(Pictures with short captions)
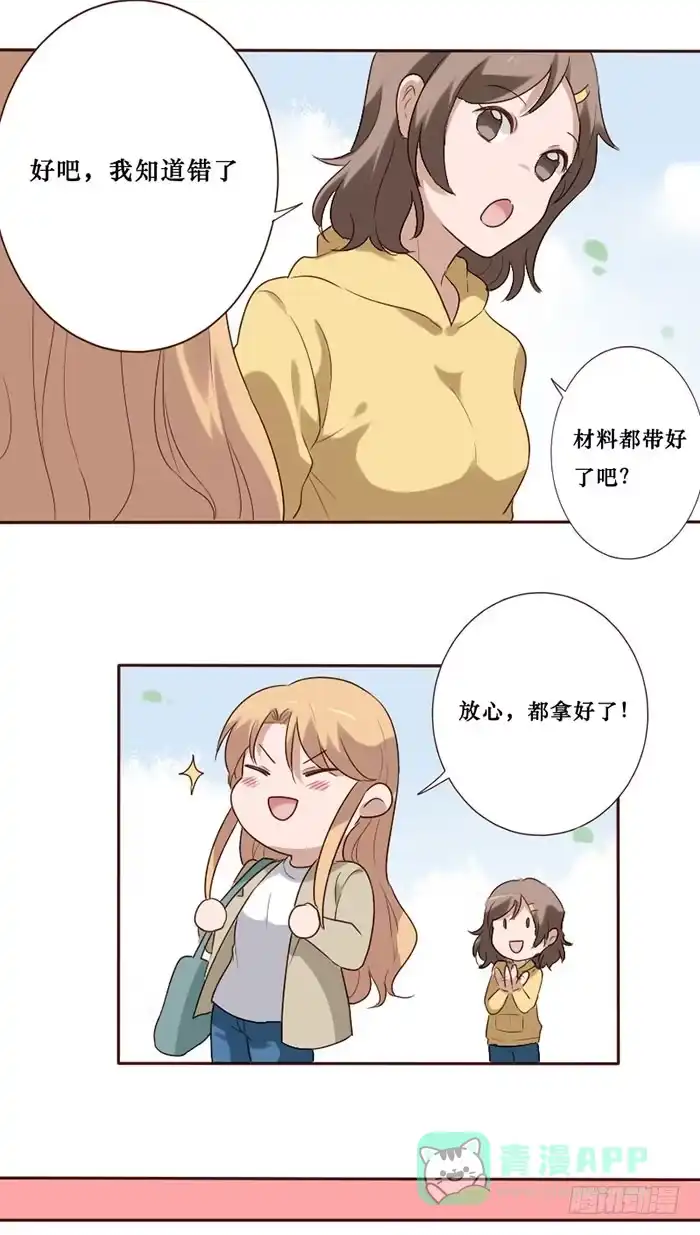 《脸盲少女》第078话 第6页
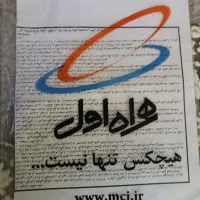 سیم کارت ۹۱۲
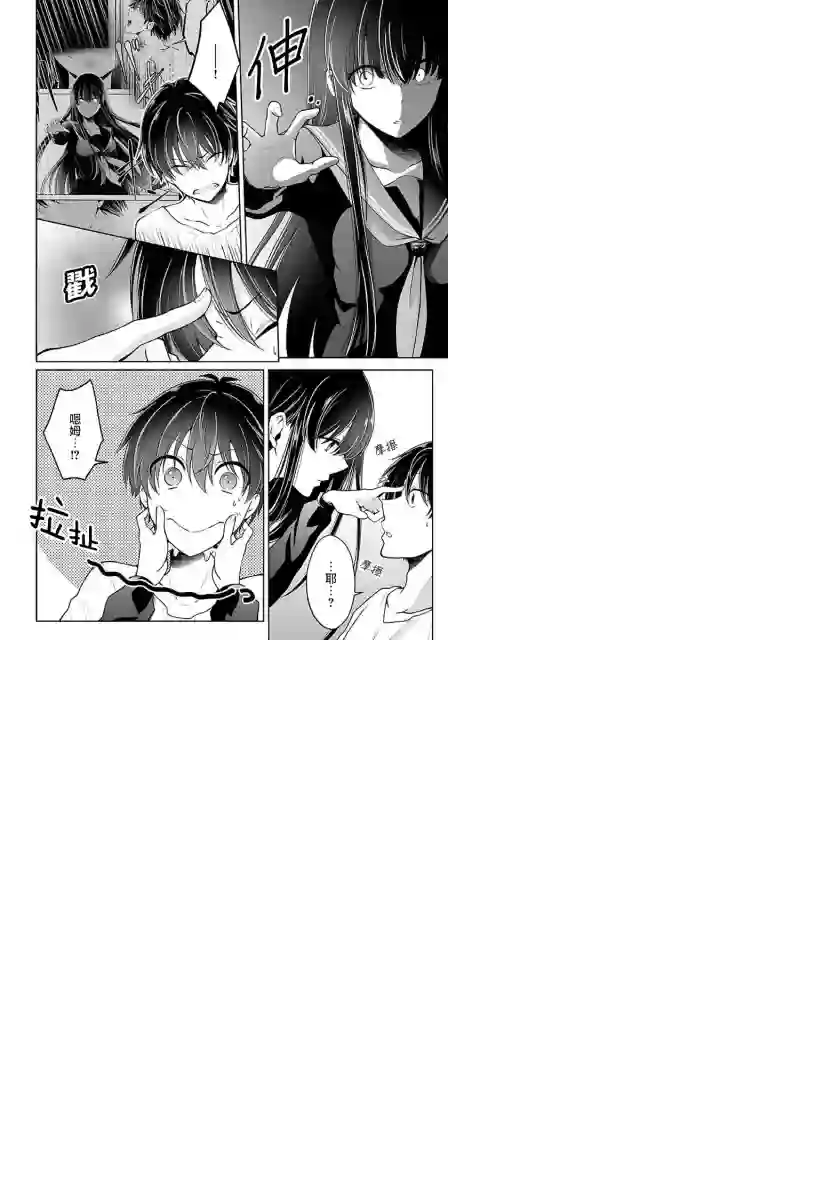 没有名字的怪物第05话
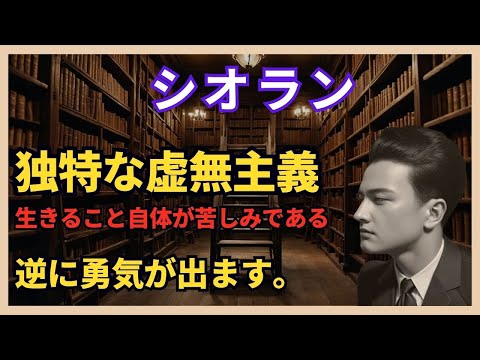 📚 『生誕の災厄』解説動画：シオランの虚無主義的哲学に迫る 🎥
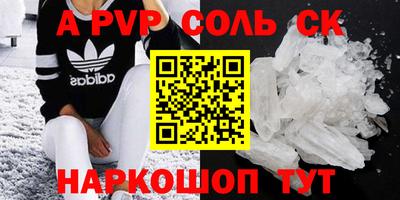 apvp Обь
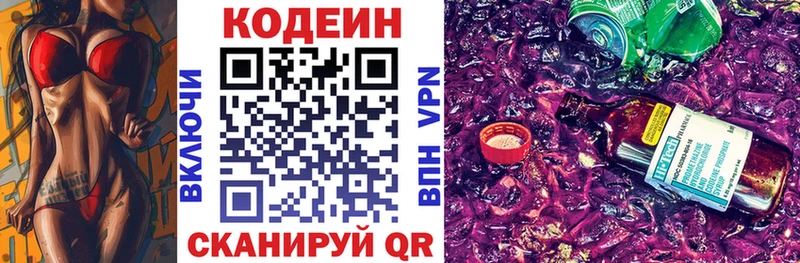 Купить  Белоярский  Кодеиновый сироп Lean Purple Drank 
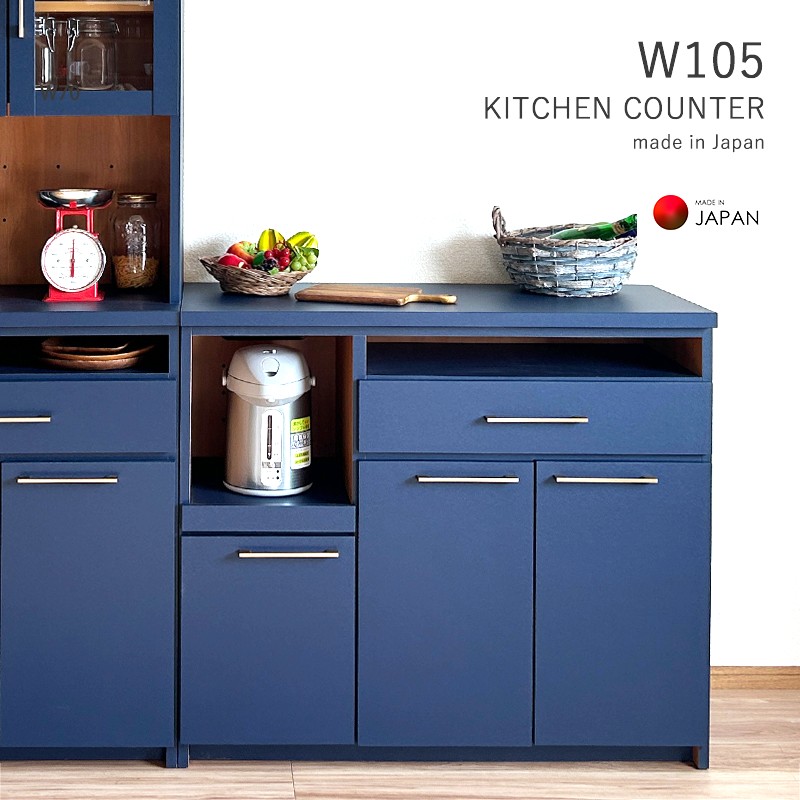 キッチンカウンター 幅105cm 完成品 大川家具 国産 キッチン収納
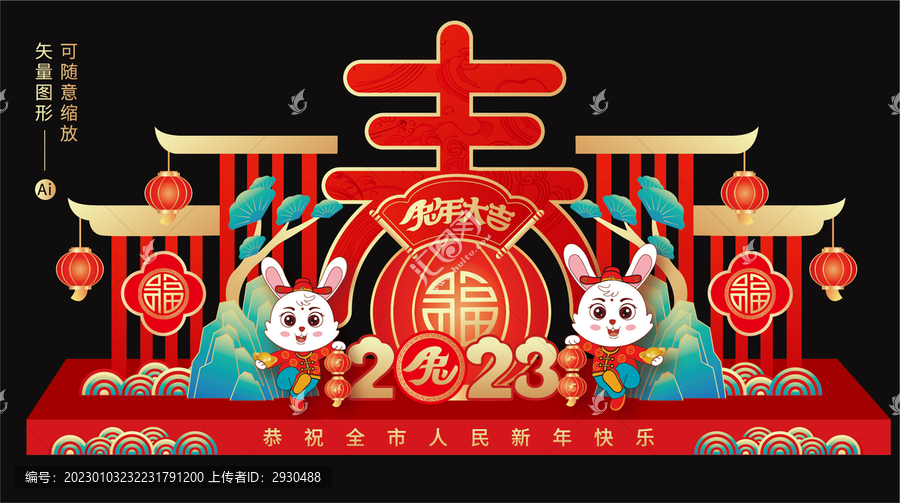 兔年美陳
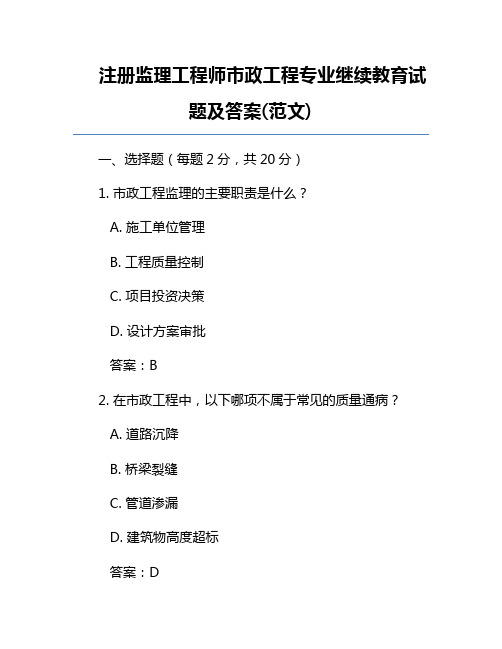 注册监理工程师市政工程专业继续教育试题及答案(范文)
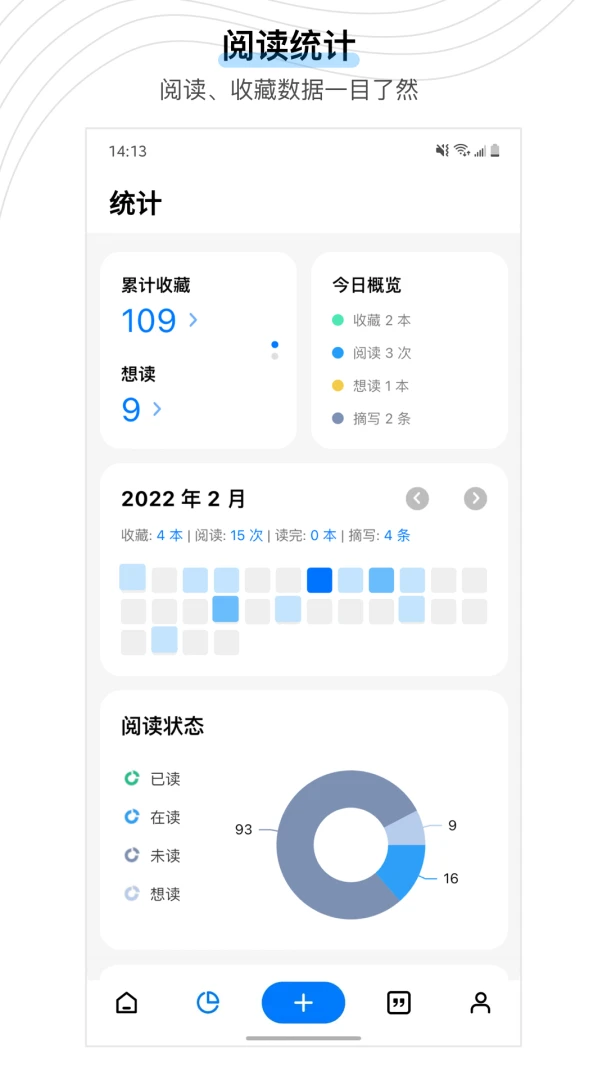 应用截图 4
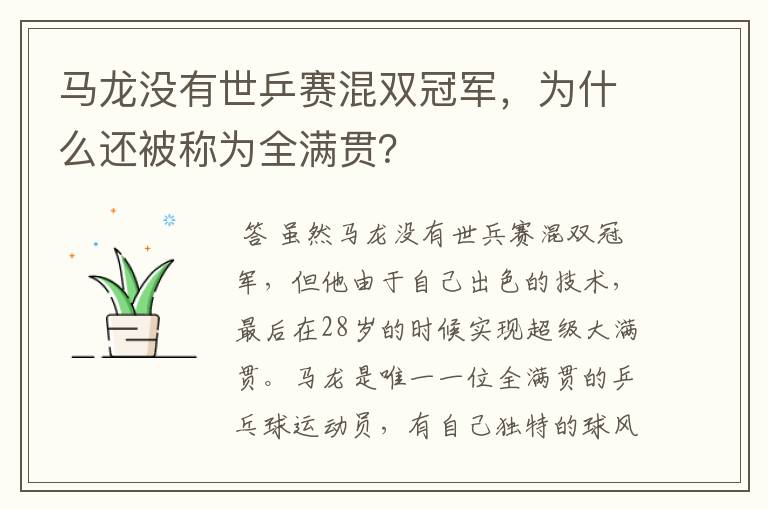 马龙没有世乒赛混双冠军,为什么还被称为全满贯?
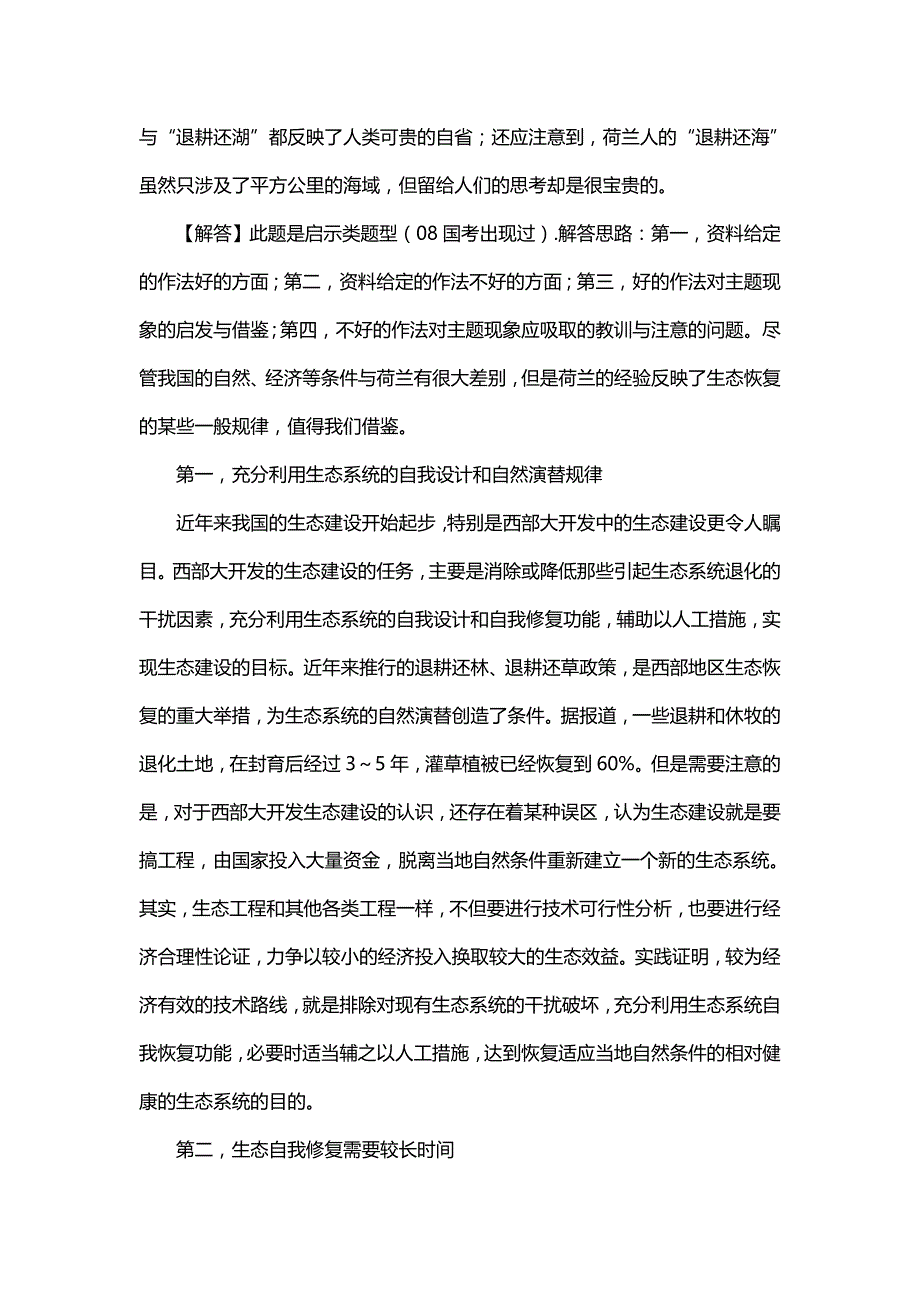 2015年湖南公务员考试参考资料_第3页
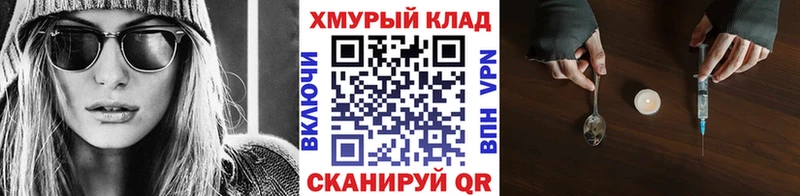 Купить где  Пролетарск  Героин VHQ 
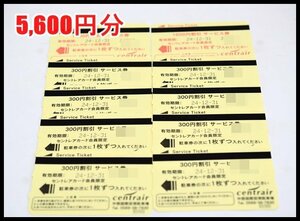 送料税込 5,600円分 中部国際空港 セントレア 駐車券 300円割引 1600円割引 サービス券 2024.12.31迄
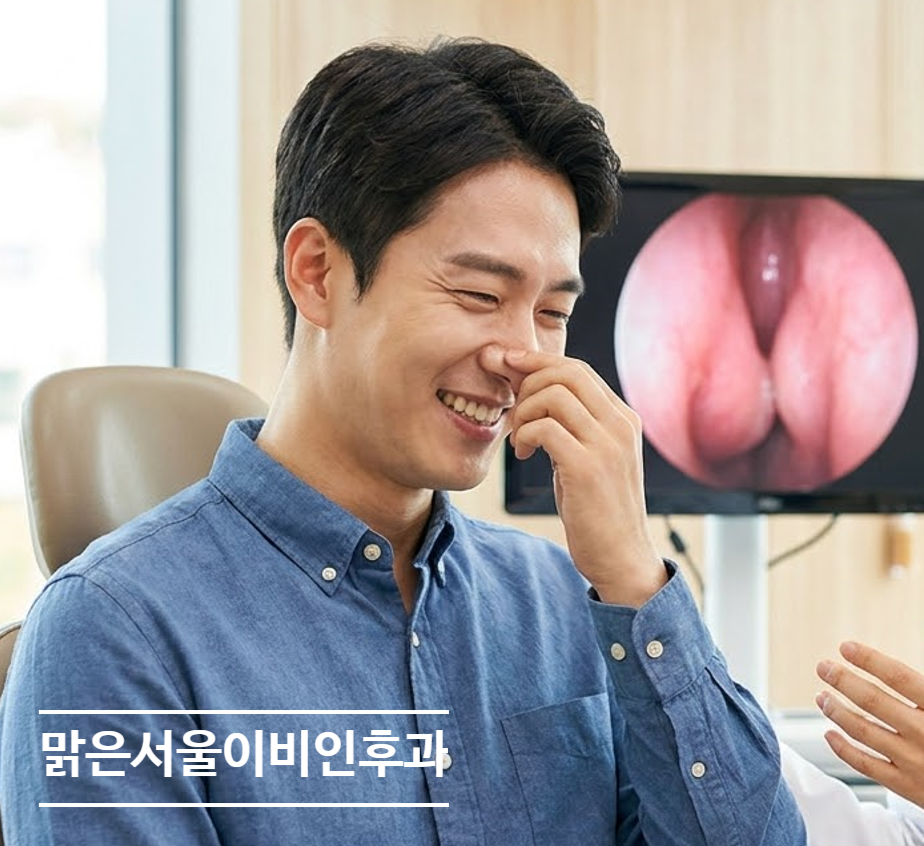 [다산이비인후과] 아침마다 코피 난다면 단순 건조함 아닌 다른 원인일 수도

What you should do:
Could you set down the records above word for word, without any of the pictures?

Response below:
 《脸盲少女》第078话 第6页
 سیم کارت ۹۱۲
 没有名字的怪物第05话
 📚 『生誕の災厄』解説動画：シオランの虚無主義的哲学に迫る 🎥
 apvp Обь
 Купить  Белоярский  Кодеиновый сироп Lean Purple Drank 
 キッチンカウンター 幅105cm 完成品 大川家具 国産 キッチン収納
 兔年美陳
 注册监理工程师市政工程专业继续教育试题及答案(范文)
 应用截图 4
 马龙没有世乒赛混双冠军,为什么还被称为全满贯?
 2015年湖南公务员考试参考资料_第3页
 Купить где  Пролетарск  Героин VHQ 
 送料税込 5,600円分 中部国際空港 セントレア 駐車券 300円割引 1600円割引 サービス券 2024.12.31迄
 [다산이비인후과] 아침마다 코피 난다면 단순 건조함 아닌 다른 원인일 수도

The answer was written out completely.